Both did graduate work in horticulture, and they worked in the same lab at the University of Georgia. They later both got jobs at the University of New Hampshire but now work at different institutions.
“It was nice for the real hard times in my life to have my brother there,” Dean Kopsell says.
But others advocate separation. Louis Keith, an identical twin and president of the Center for the Study of Multiple Birth in Chicago, says it is “absolutely a necessity” for twins to separate in college to develop into individuals.
Shelly and Kelly Ostrofsky, 18, of Houston share that desire for independence. Shelly is going to Washington University in St. Louis and Kelly to Duke in Durham, N.C.
When the Ostrofskys met President Bush at a fundraiser in March, they say even he told them to go to separate colleges — as he said he advised his own twins, Jenna and Barbara, to do. Jenna graduated from the University of Texas-Austin and Barbara from Yale.
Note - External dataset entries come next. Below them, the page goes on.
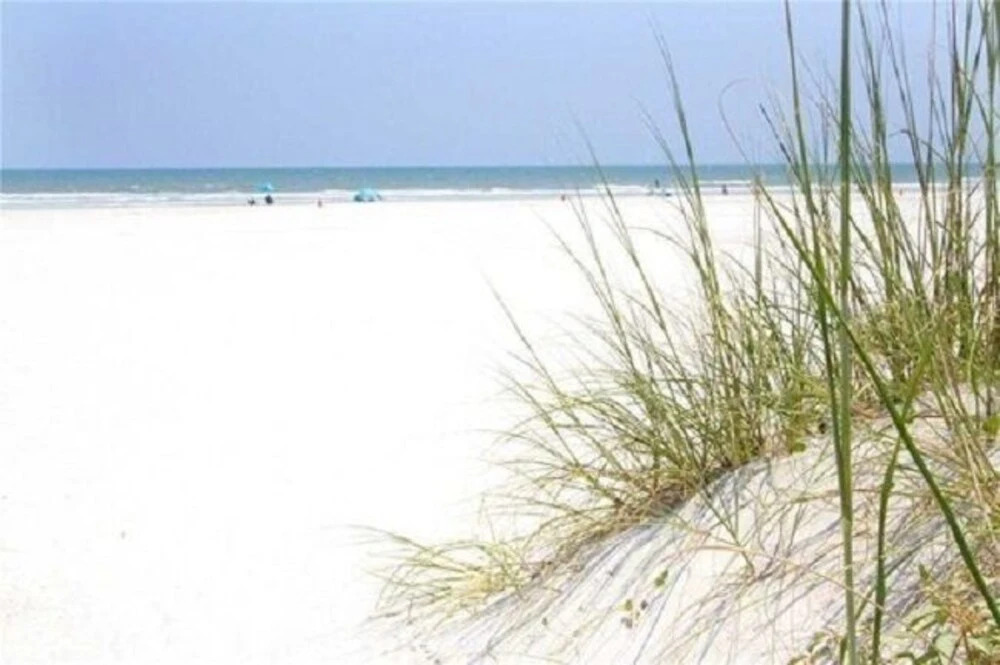 Sea Spray Beach House, 5 Bedrooms, Private Pool, Sleeps 17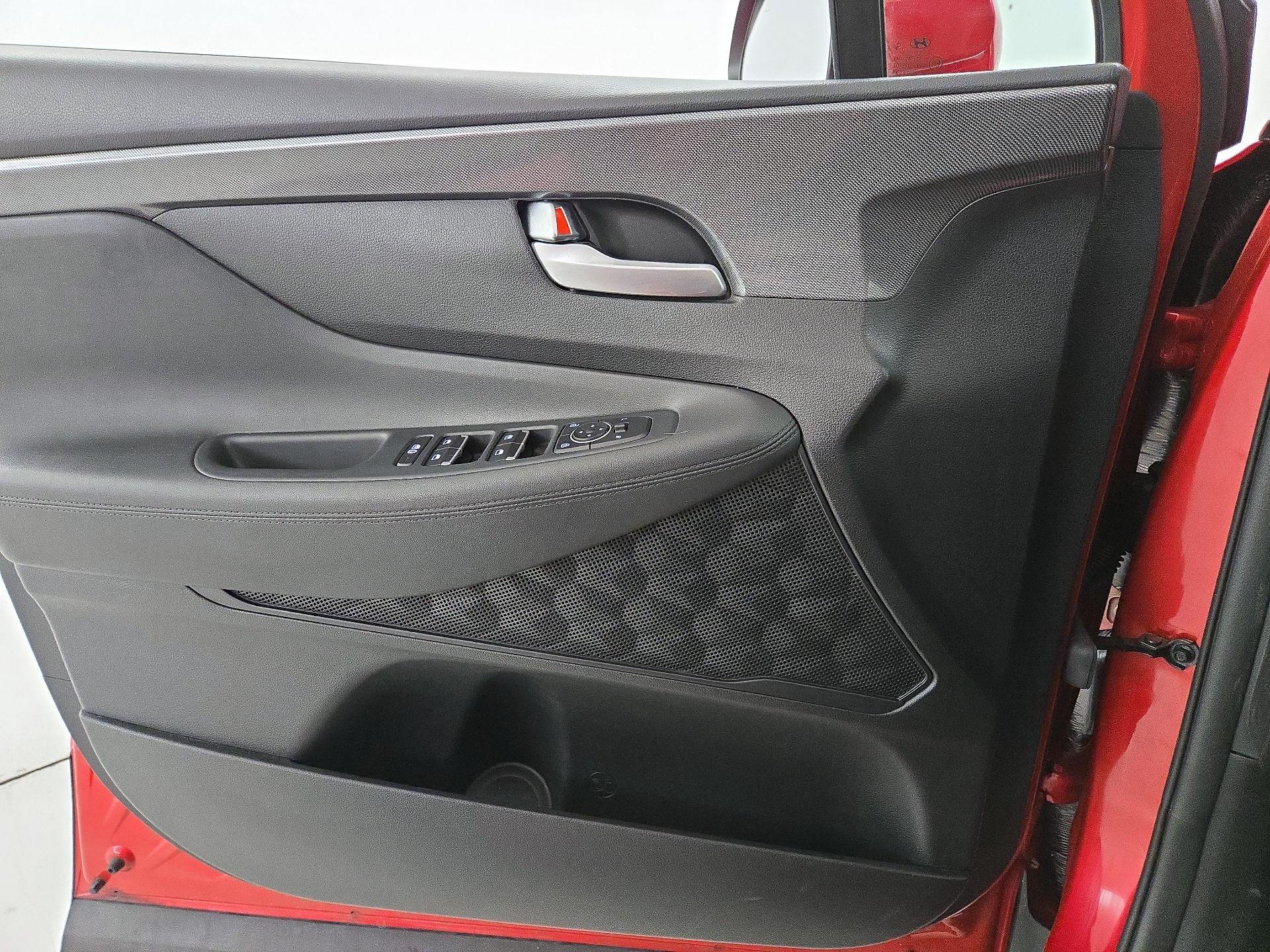 Thumbnail: 2023 Hyundai Santa Fe - 12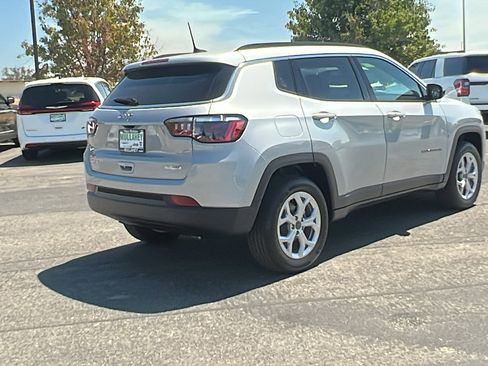 New 2025 Jeep Compass Latitude image 3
Most colleges have no specific policy on twins; some officials say they are considered separately, but most add that they will see if the decisions are consistent.
Admissions representatives at the University of Maryland, University of Texas, Rice University in Houston and Massachusetts Institute of Technology (which accepted quadruplets for the class of 2012) say they read applications individually, but most try to deliver the same decision to twins.
Consultant Bari Norman of Expert Admissions has advised academically stronger twins to apply to schools where their siblings might need a boost. She says she has found that schools generally consider twins as a package.
Some schools have even taken steps to attract twins by offering special scholarships. Wilson College in Chambersburg, Pa., has a scholarship for twins and triplets that pays 45% of tuition for each child. Northeastern Oklahoma A&M College provides $440 per child per fall and spring for room expenses for twins and triplets.
Greg Roberts, senior associate dean of admissions at the University of Virginia, says his office has on occasion changed the decision of one twin to fit the other.
“We are sensitive to family dynamics and the special bond and rivalry between many sets of twins,” he says. But, he says, they might be waitlisted or denied rather than accepted.